Обманы случались, но если они были доказаны, дело редко доходило до казённого уголовного суда. У евреев считалось грехом предать единоверца в руки государственного правосудия. Существовали суды выборных старейшин, состоявшие из трёх самых уважаемых граждан той или иной профессии – сапожников, стекольщиков, портных, торговцев и т. д. Ольшанский помнит историю, в которой был замешан хозяин мануфактурного магазина некий Брухис. Ежегодно текстильный фабрикант, чей товар успешно реализовывали в его магазине, переводил на банковский счёт хозяина сумму для поощрения приказчиков (в советские времена это называлось «тринадцатой зарплатой»). Но вот наступил заветный день, а приказчики желанных денег не получили. Как-то при случае, когда фабрикант появился в магазине, старейший приказчик задал вопрос, неужели они стали хуже справляться с обязанностями, а может быть, не дай Бог, финансовое положение фабриканта вынудило его отступить от уже сложившейся традиции? Тот был немало удивлён: он ведь перевёл деньги. Выяснилось, что Брухис всю сумму присвоил и не поделился с работниками. Дело разбирал выборный суд мануфактурщиков. Хозяину магазина пришлось заплатить приказчикам, но его репутации был нанесён непоправимый ущерб. Как говорили в таких случаях в Одессе, жадность фраера сгубила.

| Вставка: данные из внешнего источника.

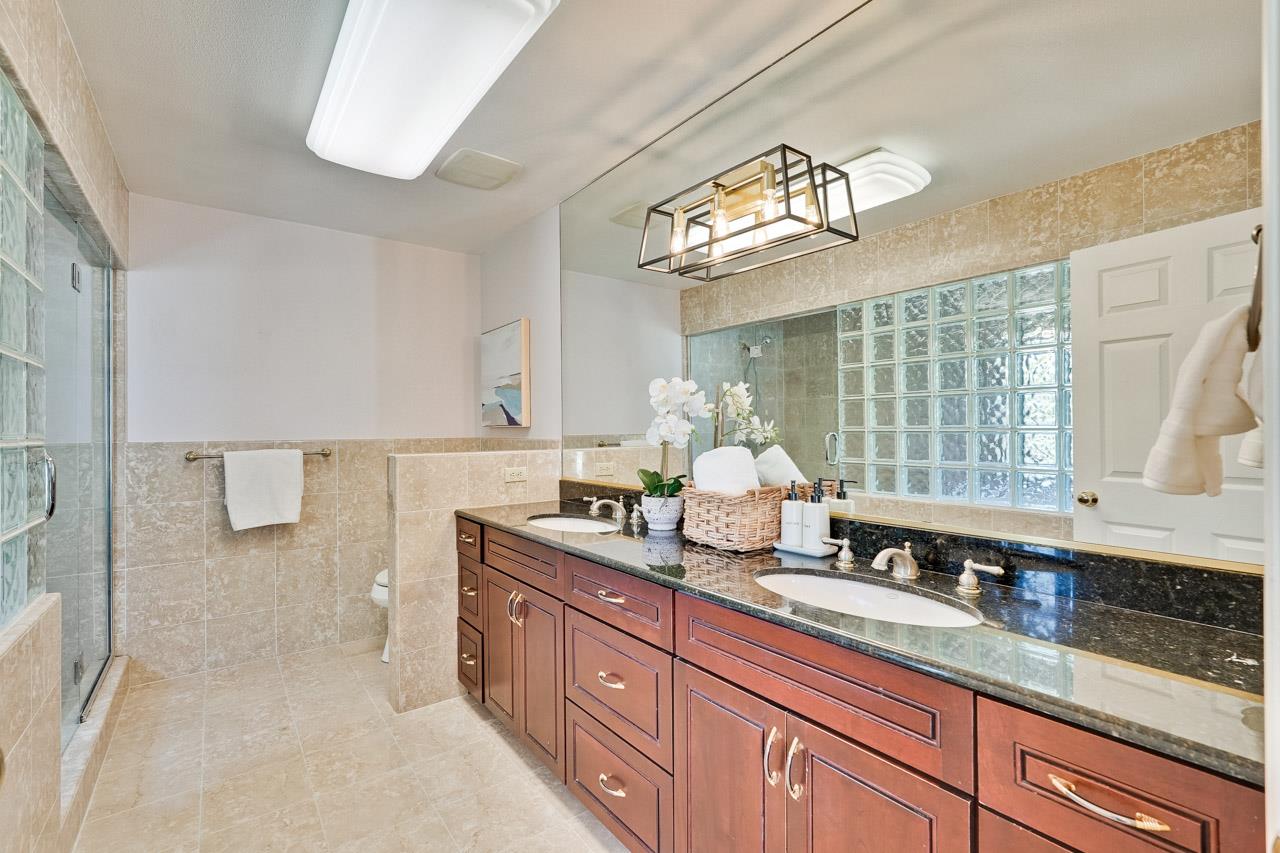 942 September Drive Cupertino, CA 95014 - Photo 32 of 51 a bathroom with a sink a large mirror and a bathtub next to a window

Понятие о чести бытовало не только в дворянской среде. Ольшанский помнил, как однажды по махале разнеслась весть о том, что молодой коммерсант, обанкротившийся и не расплатившийся с кредиторами, бросился под поезд, проходивший вдоль Бычка. Вместе с мальчишками Ицик помчался «на линию» (так называли железнодорожный путь) к месту происшествия и своими глазами увидел обезображенный труп несчастного невольника чести. Стыд заставил его уйти из жизни. Вот такая печальная история. Но бывает и другое поведение, описанное Бальзаком в его «Человеческой комедии». Барон Нусинген трижды объявлял себя банкротом и нажил на этом такое богатство, что стал известен всей Франции. «Если он проделает это в четвёртый раз, его будет знать каждый дикарь Новой Зеландии», – уверял писатель. Другие установки, другая ментальность!
Глава 14. Как однажды счастье вдруг постучалось в двери
Дети в бедных семьях быстро взрослеют, рано становятся самостоятельными. Семилетний Ицик уже помогал взрослым, но, улучив минуту, удирал со двора и отправлялся в центр. Его как магнитом тянуло к книжному магазину на Александровской. Однажды зимним воскресным днём мальчика, торчащего перед книжной витриной Серафимовского дома, заметила супружеская пара, прогуливавшаяся по
центральной улице. Это были богатые люди: он был в пальто на меху с бобровым воротником, дама тоже была в мехах и источала аромат тонких духов. Магазин был закрыт. Сторож с окладистой бородой, явно из липован, в овчинном тулупе важно восседал у двери, отделённой от улицы приспущенной решёткой. Мальца он не прогонял. Замёрзший мальчишка пританцовывал перед витриной, шмыгал носом и увлечённо читал по складам названия книг. Остановившись за его спиной, важный господин спросил по-румынски:
– Что ты здесь делаешь, малыш?
– Я? Читаю книги.
– Как же ты их читаешь? Они ведь за стеклом.
– А я читаю названия, а потом придумываю, что в них.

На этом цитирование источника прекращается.